**Brief**. With the images left out, print all of the records below exactly.

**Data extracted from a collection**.
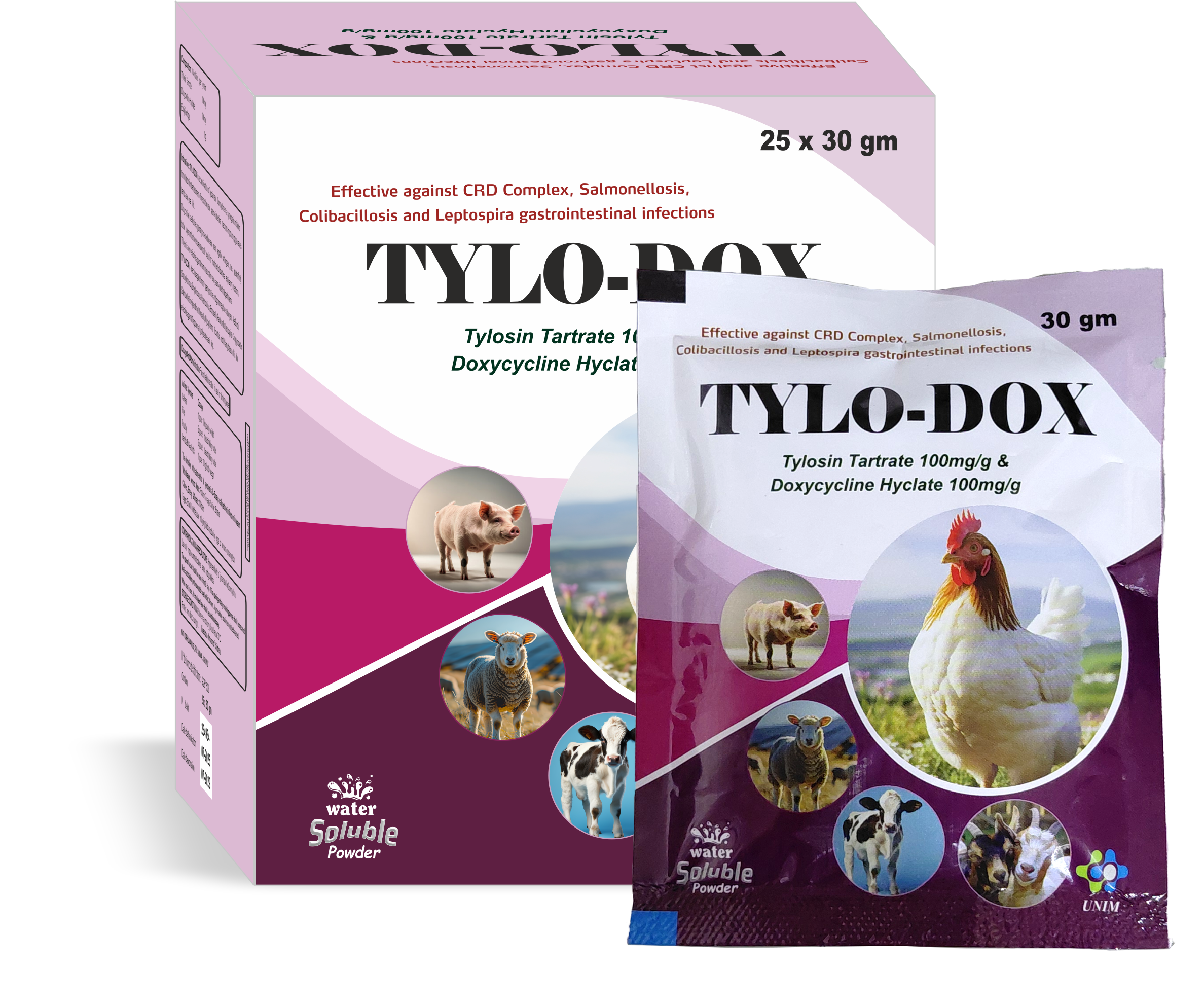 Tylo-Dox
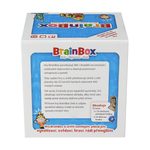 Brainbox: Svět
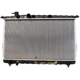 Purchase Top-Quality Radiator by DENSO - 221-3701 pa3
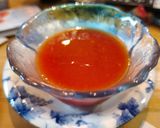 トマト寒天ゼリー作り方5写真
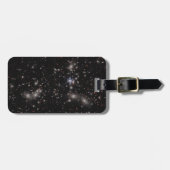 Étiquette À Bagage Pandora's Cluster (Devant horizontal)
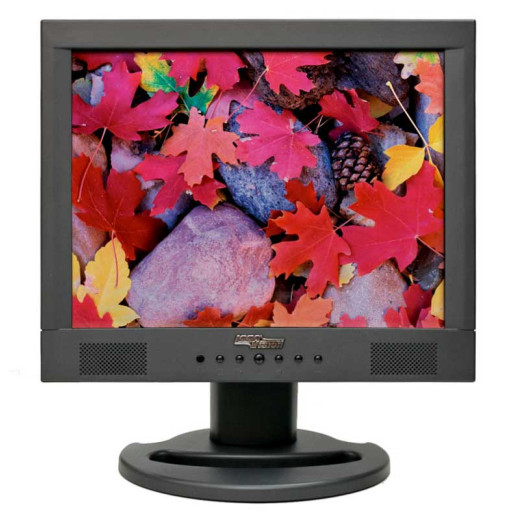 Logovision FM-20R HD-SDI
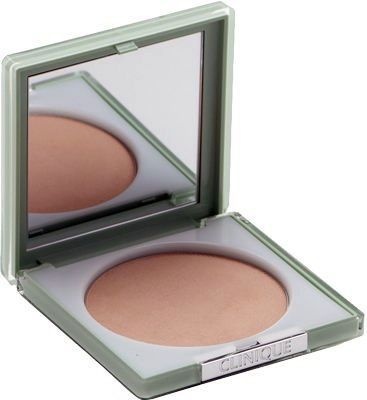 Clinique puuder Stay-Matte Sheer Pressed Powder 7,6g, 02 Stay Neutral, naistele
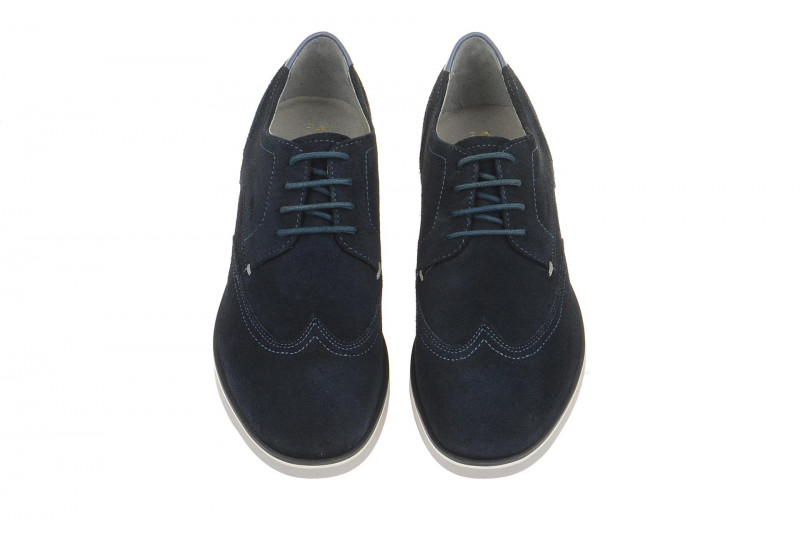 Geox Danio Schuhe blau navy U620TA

**Solution to the exercise**.
 Tylo-Dox
 Brainbox: Svět
 Purchase Top-Quality Radiator by DENSO - 221-3701 pa3
 トマト寒天ゼリー作り方5写真
 Étiquette À Bagage Pandora's Cluster (Devant horizontal)
 Logovision FM-20R HD-SDI
 Clinique puuder Stay-Matte Sheer Pressed Powder 7,6g, 02 Stay Neutral, naistele
 Geox Danio Schuhe blau navy U620TA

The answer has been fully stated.